- INSTRUCTIONS FOR THE TASK
Reproduce each line of the material exactly, minus any picture.

- INFORMATION PROVIDED

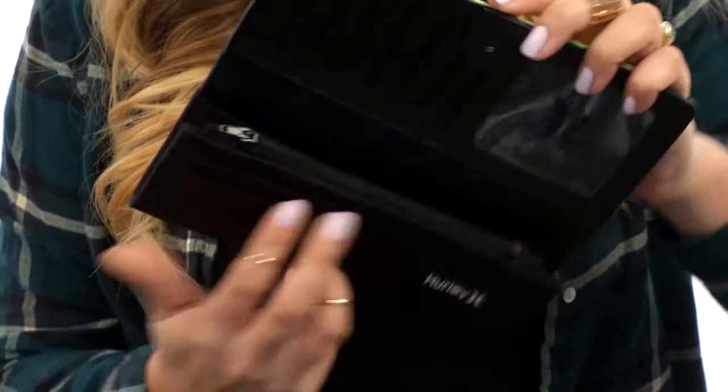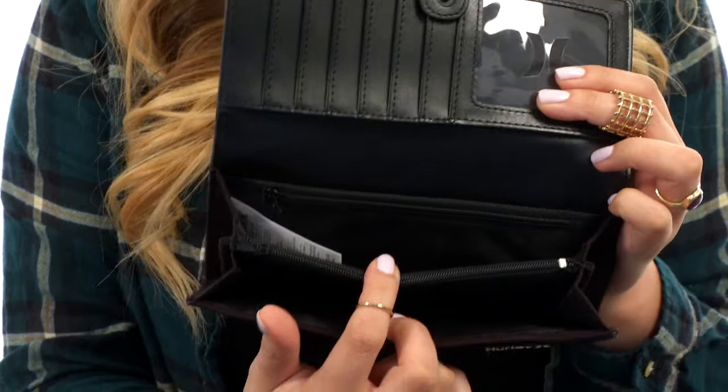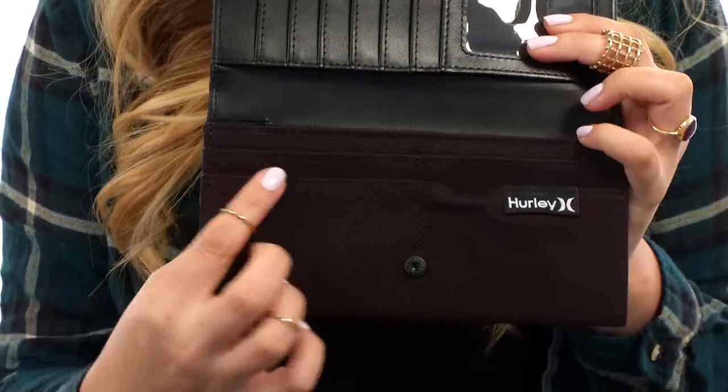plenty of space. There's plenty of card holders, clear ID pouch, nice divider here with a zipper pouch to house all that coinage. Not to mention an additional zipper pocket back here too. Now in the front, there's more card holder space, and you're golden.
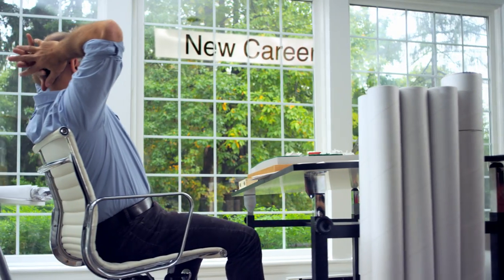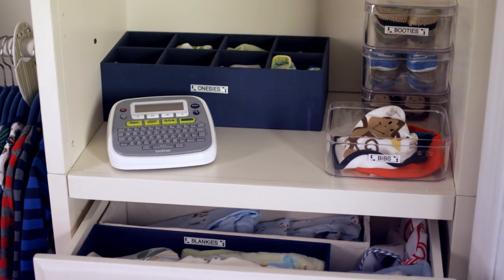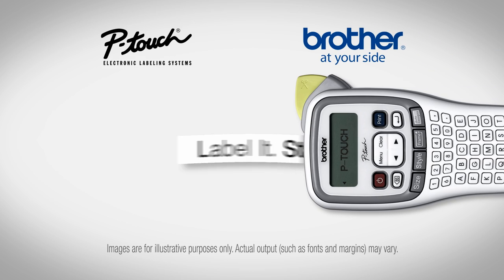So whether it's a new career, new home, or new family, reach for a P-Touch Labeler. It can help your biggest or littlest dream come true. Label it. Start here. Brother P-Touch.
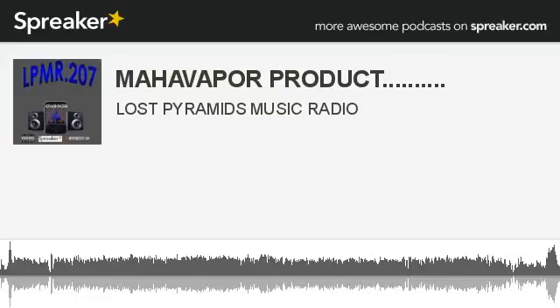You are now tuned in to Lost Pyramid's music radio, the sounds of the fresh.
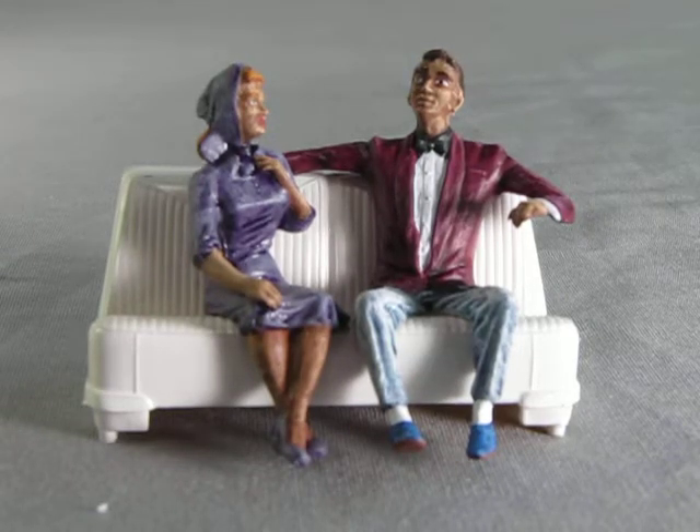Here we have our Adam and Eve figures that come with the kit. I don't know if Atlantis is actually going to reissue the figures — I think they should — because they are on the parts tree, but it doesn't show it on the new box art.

- PROBLEM SOLUTION
plenty of space. There's plenty of card holders, clear ID pouch, nice divider here with a zipper pouch to house all that coinage. Not to mention an additional zipper pocket back here too. Now in the front, there's more card holder space, and you're golden.
So whether it's a new career, new home, or new family, reach for a P-Touch Labeler. It can help your biggest or littlest dream come true. Label it. Start here. Brother P-Touch.
You are now tuned in to Lost Pyramid's music radio, the sounds of the fresh.
Here we have our Adam and Eve figures that come with the kit. I don't know if Atlantis is actually going to reissue the figures — I think they should — because they are on the parts tree, but it doesn't show it on the new box art.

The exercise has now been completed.